Being a fan of natural sound reproduction – contrary to ‘neutral’ – I have to say that the ZO is the best thing I’ve heard so far in portable sound enhancements. Until now Cowon’s BBE and Mach3Bass have been the cream of the crop to my ears, as far as putting some excitement in ‘polite’ phones is concerned. The ZO however is the new king of crisp, precise, yet bassy sound, if you ask me.

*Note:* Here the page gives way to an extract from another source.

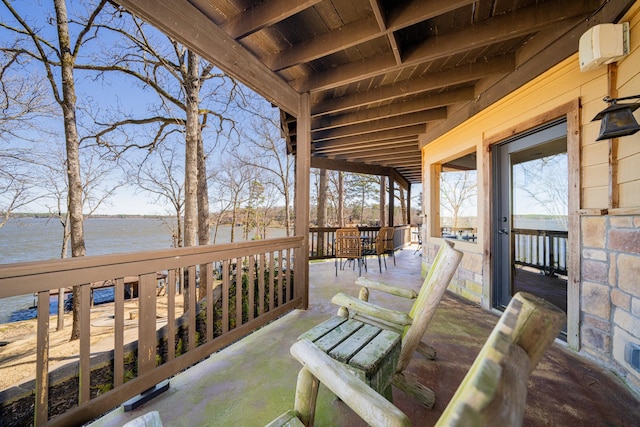 deck with outdoor dining area and a water view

Don’t be put off by the “personal subwoofer” slogan. The ZO is not some cheap boombox replacement for trunk rattlers. It is a very refined sounding tool to make audio more enjoyable – without damaging any part of it. Read on if it’s the thing for you.
- Digizoid ZO Specs
- Physical: 2.75 x 1.5 x 0.38 in (7 x 3.8 x 0.9 cm), 0.94 oz (27 g)
- Power: run time up to ca. 12h, full charge 2h (100%), rapid charge 1h (80%)
- Input: 3.5mm stereo, 2.0Vpp max. (0.5Vrms), 15 kOhm
- Output: 3.5mm stereo, 840mW@25 Ohm (per channel), 190mA@3.7V, 0.2 Ohm
- Frequency response: 20Hz-20kHz +/- 0.25dB (min. contour)
- Noise level/dynamic range: -87.9dB/87.6dB (A)
- THD: 0.003%
- THD+N: -80.9dB (A)
- IMD @ 10kHz: 0.015%
- IMD+N: 0.014%
- Accessories: USB charging cable, 12cm 3.5mm-to-3.5mm cable, 90cm 3.5mm-to-3.5mm cable, printed manual
Until you turn it on, the ZO is quite an unassuming little black box. It is a bit narrower than a credit card while having about the same length. Of course it’s a bit thicker. It pairs well with even the tiniest and slimmest portable players, such as a Sansa Clip+ or Cowon i9. It is made of shiny Lexan plastic, and thus it’s a bit of a fingerprint magnet. I was told the next version of the ZO will have a rubberized shell.
On one side there’s the silver Digizoid logo, on the other there’s the minimalist ZO lettering. Above that is what they call a “Lightscale” indicator, showing the processing strength. Lightscale means there’s a green and a red LED mixed in varying intensities: green means low processing, orange means medium, red means high. It gives a rough estimate of the current level in the 32-step sound processing spectrum the ZO provides.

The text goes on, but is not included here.